See, Merkle A (1982) The Cost of Health For All. A Feasibility Study from Upper Volta. Eschborn.
The Swedish study calculated the operational costs and manpower requirements for the Swedish health care system, 1985-2000, in order to evaluate future resource requirements under different assumptions concerning changes in the health care structure and economic development. This approach to resource requirements differs from the others discussed above in that it is based on a computer model that starts with change in the population structure, calculates the service level required, taking account of changes in the quality and pattern of care, then allows for changes in wage and productivity levels, ending up with total manpower needs and total recurrent costs.
See, Lagergren M (1986) Sweden's plan for 2000. World Health May 1986.
6. Major Issues Arising
A number of important issues arise from this consideration of long-term financial planning.
First, should the expenditure projections be based on health programmes (for instance for maternal and child health care, the elderly) or on health facilities (for instance hospital beds, health centres)? The former can more easily be associated with the health needs of the population and with plan objectives stated in terms of health status. However, health programmes may cross-cut the basic institutional and accounting elements of the health sector, namely health facilities. Good information on health programme expenditure is rarely available and thus most expenditure projections are based on the development of physical facilities rather than health programmes.
Second, at what stage should resource constraints and evidence of the opportunity cost of proposals be introduced into the analysis?
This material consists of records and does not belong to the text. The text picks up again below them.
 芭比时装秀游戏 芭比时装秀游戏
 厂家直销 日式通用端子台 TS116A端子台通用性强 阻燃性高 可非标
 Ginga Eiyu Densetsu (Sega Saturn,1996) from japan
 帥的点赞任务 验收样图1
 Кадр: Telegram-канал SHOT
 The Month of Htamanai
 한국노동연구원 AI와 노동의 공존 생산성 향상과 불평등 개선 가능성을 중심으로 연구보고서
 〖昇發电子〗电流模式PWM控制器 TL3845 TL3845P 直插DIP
Plans are frequently based on over-ambitious policies and financial planning may reveal an enormous gap between expenditure projections and revenue projections. There is a strong case for acknowledging the importance of resource constraints at the start of any planning process.
Third, to what extent are detailed expenditure and revenue projections worthwhile and to what extent can simplifying assumptions be used? For example, it might be possible to assume that, say, for every 1% increase in GDP, total health expenditure increases by 1.2%; such assumptions might be based on past government/health expenditure trends and sensitivity analysis could be undertaken to establish the variation in projections resulting from differing simplifying assumptions.
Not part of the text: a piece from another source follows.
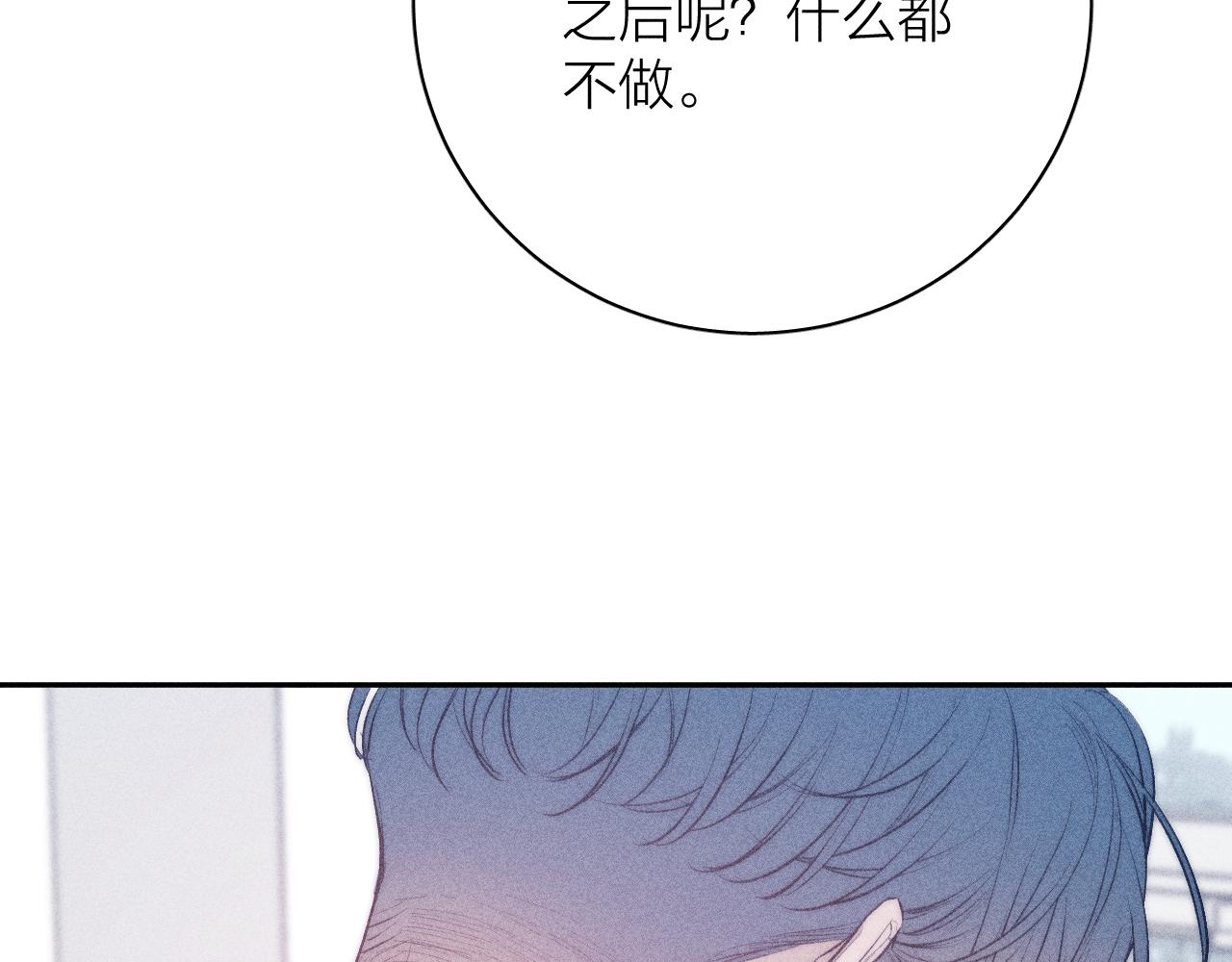 第41话 别再等61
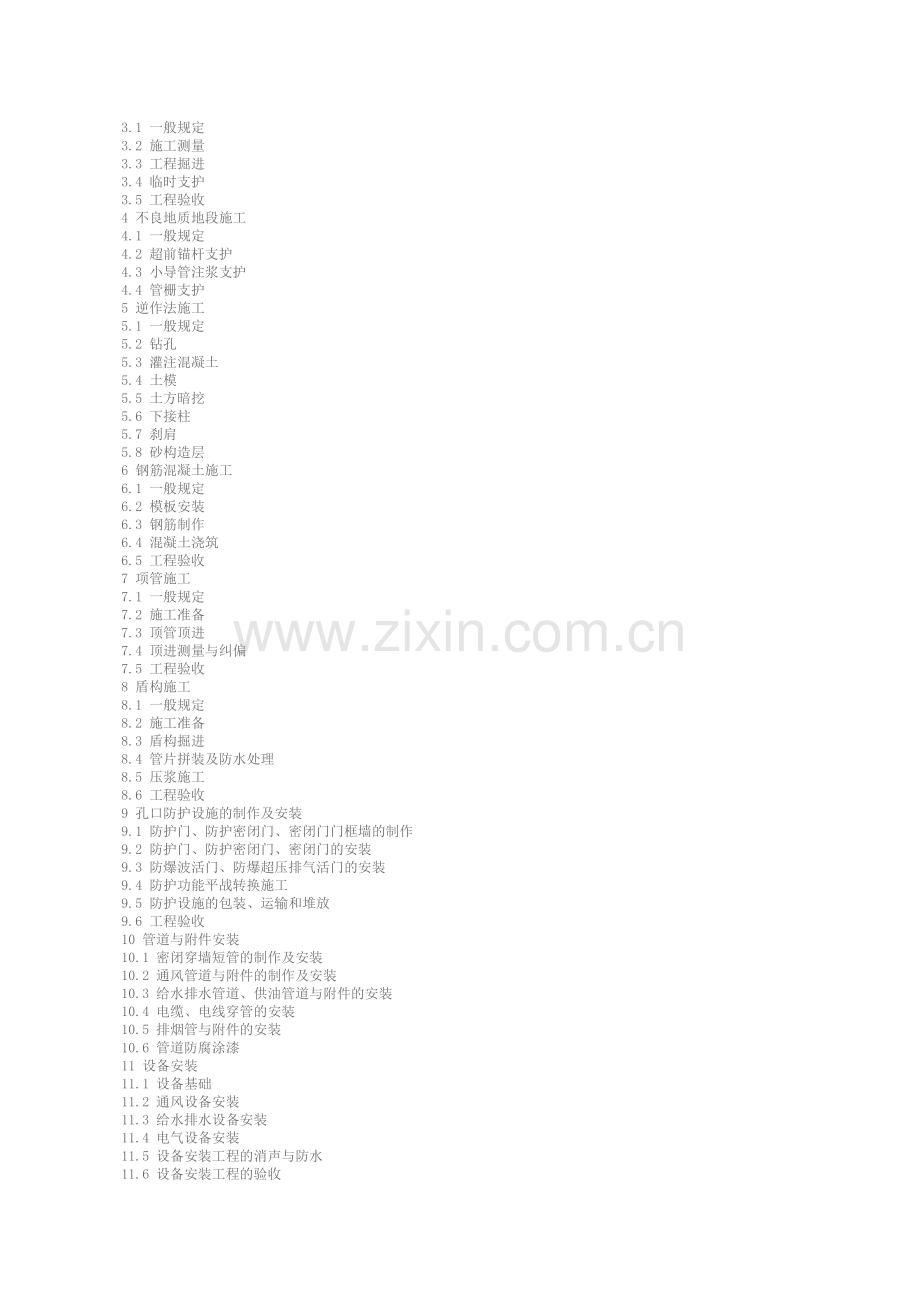 人防工程竣工验收资料1.doc_第2页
And fourth, long-term planning has proved vulnerable to political and economic changes, even in the more stable countries of the world. Between 1985 and 2000, many unexpected events may happen that will overthrow the projections of financial planners. To what extent, and how, can long term financial plans be protected against these shocks? There is a need for:
- simplicity: simple methods of financial planning so that planners do not spend many months refining a financial plan that is then overturned by unexpected changes in the economic or political system
- flexibility: introducing flexibility into financial plans, so that changes do not require them to be drastically revised. For instance, different scenarios might be used for the expenditure and revenue projections, to test whether health policies are vulnerable to changes in the forecast levels.